Frio de Lisboa, calafrio de estar longe, enquanto um monstro, pior que a cabala, tenta engolir alguém que me é próximo. Este monstro – chamemo-lo pelo nome – é a Justiça, em paragens nossas, mais meretriz que senhora, vendendo-se pelas margens e conspirando-se pela calada, como se as virtudes deixassem, entre nós, de já fazer sentido. O Governo faz reformas, investe em mudanças e agiliza circuitos, mas o corpo permanece corrupto, podre e ao serviço da besta. É o corpo delito, de um delito maior e transbordante. E o terrível disto tudo seria ficarmos quedos, quietos e a medo, incapazes de cidadania e presos por um fio pelo embaraço de falarmos as duras verdades à cara dos senhores da toga. A que isso terá chegado! A quantas vai a tolerância do cidadão em relação à ignominia!

Em campanha

Passando estes tempos, haverá um País que continua. O pessoal prepara-se para uma campanha pobre em ideias, mas rica em cartazes gigantes e em carros de som. Os ideólogos dão lugar aos publicitários e as plataformas eleitorais são trocadas por camisolas coloridas. O importante não será a escolha consciente, mas o voto cabresto – umas vezes, por engano, outras vezes, por engodo, quase sempre, por propaganda. Agora me lembrei daquele amigo, anarquista até dizer chega, que rezava nestes termos: se o voto é a arma do povo, é preciso não votar para que o povo não fique desarmado. Eu já não penso assim. Voto sim. Mais Cabo Verde. Não me conformo com a «coisificação» de certas estratégias. Nem fico neutro à queda de braços entre uns e outros. Cidadão, sei o que (não) quero…

(Ser-se cabo-verdiano é uma condição além da gentílica (e quem o é, sabe que tenho toda a razão). Direi, por isso, com todos os efes-e-erres que não é fácil ter pele do outro, quando nos seria totalmente impossível estar-se noutra alma)

terça-feira, janeiro 04, 2011

Já que é Ano novo

Impossível paisagem

Agora, que é Ano novo, eis-me à tentação de prognóstico ou mesmo de resolução premente. Pulsa-me a vontade de olhar para os dias a virem, com crença e fé, mas não aquela que, embevecida, se dilui pela água das causas, nem aquele que, de ardente, se ajoelha diante dos altares da vida. Pulsa-me a vontade tão-somente legítima de ou para as coisas mais simples: a paz de espírito, o ser melhor que antes e o conceder-me à arte.
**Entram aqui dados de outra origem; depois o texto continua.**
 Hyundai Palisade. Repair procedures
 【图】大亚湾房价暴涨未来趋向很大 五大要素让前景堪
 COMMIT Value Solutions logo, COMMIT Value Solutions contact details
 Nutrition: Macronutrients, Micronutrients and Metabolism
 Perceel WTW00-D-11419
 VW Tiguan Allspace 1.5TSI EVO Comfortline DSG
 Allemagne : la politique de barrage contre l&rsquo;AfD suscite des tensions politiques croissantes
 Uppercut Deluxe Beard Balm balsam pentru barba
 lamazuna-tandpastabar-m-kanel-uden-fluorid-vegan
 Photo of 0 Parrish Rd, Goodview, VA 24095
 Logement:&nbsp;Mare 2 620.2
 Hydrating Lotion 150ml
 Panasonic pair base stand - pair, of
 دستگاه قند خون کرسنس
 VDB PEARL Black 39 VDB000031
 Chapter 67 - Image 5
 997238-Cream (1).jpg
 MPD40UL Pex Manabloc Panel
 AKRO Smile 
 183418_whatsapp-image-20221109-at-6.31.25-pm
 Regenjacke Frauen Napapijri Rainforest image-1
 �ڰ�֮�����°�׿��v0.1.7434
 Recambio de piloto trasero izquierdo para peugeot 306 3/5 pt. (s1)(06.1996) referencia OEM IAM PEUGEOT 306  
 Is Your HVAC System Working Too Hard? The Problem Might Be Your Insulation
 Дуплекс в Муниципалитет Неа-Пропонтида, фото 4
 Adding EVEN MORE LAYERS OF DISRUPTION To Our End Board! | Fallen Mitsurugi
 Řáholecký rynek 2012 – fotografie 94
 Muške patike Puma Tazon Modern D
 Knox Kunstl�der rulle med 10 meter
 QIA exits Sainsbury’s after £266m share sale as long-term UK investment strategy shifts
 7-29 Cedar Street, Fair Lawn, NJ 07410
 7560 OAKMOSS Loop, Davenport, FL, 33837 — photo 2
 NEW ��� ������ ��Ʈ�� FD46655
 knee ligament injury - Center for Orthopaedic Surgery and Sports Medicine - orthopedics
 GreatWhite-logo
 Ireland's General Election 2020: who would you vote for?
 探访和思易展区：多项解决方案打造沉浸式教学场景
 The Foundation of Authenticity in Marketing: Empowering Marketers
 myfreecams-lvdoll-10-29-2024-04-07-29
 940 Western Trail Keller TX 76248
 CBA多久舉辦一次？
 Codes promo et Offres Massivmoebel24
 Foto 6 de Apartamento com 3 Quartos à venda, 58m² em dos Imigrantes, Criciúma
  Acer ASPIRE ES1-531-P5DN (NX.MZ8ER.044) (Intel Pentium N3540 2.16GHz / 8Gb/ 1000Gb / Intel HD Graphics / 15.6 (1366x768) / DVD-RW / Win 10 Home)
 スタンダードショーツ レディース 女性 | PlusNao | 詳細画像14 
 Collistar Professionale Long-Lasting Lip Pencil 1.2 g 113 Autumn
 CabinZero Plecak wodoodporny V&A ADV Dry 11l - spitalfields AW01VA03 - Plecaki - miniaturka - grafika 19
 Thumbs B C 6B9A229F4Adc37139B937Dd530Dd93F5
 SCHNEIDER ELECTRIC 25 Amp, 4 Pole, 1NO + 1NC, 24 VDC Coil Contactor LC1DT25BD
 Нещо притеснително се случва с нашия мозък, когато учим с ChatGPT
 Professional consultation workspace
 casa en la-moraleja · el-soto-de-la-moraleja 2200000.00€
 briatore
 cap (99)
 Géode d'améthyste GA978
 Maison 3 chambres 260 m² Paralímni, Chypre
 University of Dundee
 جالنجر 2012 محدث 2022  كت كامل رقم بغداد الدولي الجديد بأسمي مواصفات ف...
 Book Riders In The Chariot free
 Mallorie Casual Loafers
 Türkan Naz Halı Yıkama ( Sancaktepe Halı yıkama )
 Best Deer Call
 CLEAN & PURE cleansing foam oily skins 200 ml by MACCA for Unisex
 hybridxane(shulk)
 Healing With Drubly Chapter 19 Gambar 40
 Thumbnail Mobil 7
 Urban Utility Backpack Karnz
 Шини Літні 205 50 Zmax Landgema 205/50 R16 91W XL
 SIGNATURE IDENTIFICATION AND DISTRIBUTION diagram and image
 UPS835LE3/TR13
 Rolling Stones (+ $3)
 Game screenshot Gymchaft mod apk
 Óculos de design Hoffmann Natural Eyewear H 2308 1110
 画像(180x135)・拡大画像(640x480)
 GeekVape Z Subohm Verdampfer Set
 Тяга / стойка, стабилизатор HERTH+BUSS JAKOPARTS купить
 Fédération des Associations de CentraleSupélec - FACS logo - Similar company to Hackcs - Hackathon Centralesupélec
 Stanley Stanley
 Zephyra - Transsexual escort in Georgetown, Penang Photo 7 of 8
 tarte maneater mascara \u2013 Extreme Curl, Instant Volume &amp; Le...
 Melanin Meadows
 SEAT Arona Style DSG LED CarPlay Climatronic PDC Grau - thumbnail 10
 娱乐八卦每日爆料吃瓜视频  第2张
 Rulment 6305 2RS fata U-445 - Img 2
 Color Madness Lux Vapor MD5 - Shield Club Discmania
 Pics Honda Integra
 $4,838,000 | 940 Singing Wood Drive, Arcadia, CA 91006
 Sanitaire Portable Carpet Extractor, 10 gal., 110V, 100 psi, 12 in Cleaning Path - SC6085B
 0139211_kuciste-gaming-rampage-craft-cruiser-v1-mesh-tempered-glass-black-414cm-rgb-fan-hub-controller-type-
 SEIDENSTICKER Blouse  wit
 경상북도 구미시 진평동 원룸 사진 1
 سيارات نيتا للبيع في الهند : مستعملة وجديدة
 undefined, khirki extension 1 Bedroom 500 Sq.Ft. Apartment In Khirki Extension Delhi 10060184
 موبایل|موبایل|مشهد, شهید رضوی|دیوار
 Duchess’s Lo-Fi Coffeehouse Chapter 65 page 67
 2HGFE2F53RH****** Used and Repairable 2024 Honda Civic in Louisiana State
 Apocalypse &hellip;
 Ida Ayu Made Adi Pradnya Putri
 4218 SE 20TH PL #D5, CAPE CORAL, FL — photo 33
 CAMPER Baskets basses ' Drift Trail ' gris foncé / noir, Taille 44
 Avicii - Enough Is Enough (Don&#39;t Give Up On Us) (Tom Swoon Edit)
Sem alarde, que é já tarde, para o homem de cinquenta. Claro que não é hora da paragem. Sendo certo o halo desse incenso pela sala e cristalino o espelho no quarto em que me olho, prefiro o remanso à voragem. Mil vezes a viagem silenciosa que a ruidosa permanência. A errância dos poetas que, diante dos reis e dos precipícios, nem se precipitam. A transigência dos poetas em tempo de rio. Rio-me disso tudo. Mirante que sou de uma paisagem impossível…

Sonho em retrato

Livre do seu enleio, sério do que não é, como diria Fernando Pessoa, assim me apercebi deste livro «O Retrato de Um Sonho», de Fábio Vieira, que, de pronto, se acomete a reminiscências e a buscas existenciais para o seu próprio reencontro através da escrita. O romance, enquanto «isto» literário, não tem tido tradição afortunada em Cabo Verde. Entretanto, esta nova geração de escritores, à qual pertence Fábio Vieira começa a marcar espaço neste género literário e a inscrever o romance – romance moderno, em toda a acepção – na vigorosa literatura cabo-verdiana, madura e prestigiada em se tratando da causa poética. Na construção da sua narrativa, parte o autor de um argumento que ultrapassa até a projecção do enredo. Conta-nos a história de um jovem cabo-verdiano, da ilha do Fogo que, ao final de inúmeras andanças a marinhagens, regressa sempre ao seu ponto de partida para se encontrar de forma mais pródiga, sendo a itinerância, mais que a reminiscência o fio condutor da sua narrativa.

Restaurante Avis

Reabre, na cidade da Praia, mais precisamente na glamourosa rua pedonal do Plateau, 5 de Julho, o restaurante Avis. Reabre com classe e intenção. Com ambição, cheirando a novo, sem recusar a sua áurea de um passado em que fora o melhor restaurante da capital. A sua gerência pensa adendar à restauração uma «agenda cultural». Música, como prato cultural forte. Mas também outras valências criativas que esta cidade potencia. Em conversa com o amigo Vito – Leitão da Graça -, um dos emblemáticos do Plateau, ficou-me a impressão de que é possível de restituir ao nome Avis, marca já mais que registada, a sua vocação de espaço de Cultura. Iniciativas do tipo merecem o aplauso de todos, pois transcendem o negócio e afirmam uma nova cidadania.

Agenda verde

Regozijamo-nos com o facto de um partido político incorporar a «agenda verde» no temário da formulação de novas respostas para os novos tempos. Aliás, alguns de nós temos reflectido séria e criticamente sobre a necessidade de uma «terceira força» efectiva, plasmada na causa ambiental e no desenvolvimento harmonioso. Essa «agenda verde» se assentaria em três eixos: o desempenho económico, a qualidade de vida e a sustentabilidade ambiental. Ao «incorporar» tal agenda, continuaremos a votar nesse partido, sem que haja necessidade de desviarmos o voto. Ressalva para dizermos que voto lúcido, consciente e crítico. Não somos eleitores de votar pelo carnaval da propaganda e do marketing. No nosso caso será um mais um voto de confiança, tendo em conta a carteira de realizações e a realidade das transformações. Mais do que isso, tendo em conta o potencial das mudanças ainda possíveis e passíveis de implementar. Isentos no descrever as coisas, mas jamais neutros em pensamento, continuaremos juntos a trabalhar o futuro.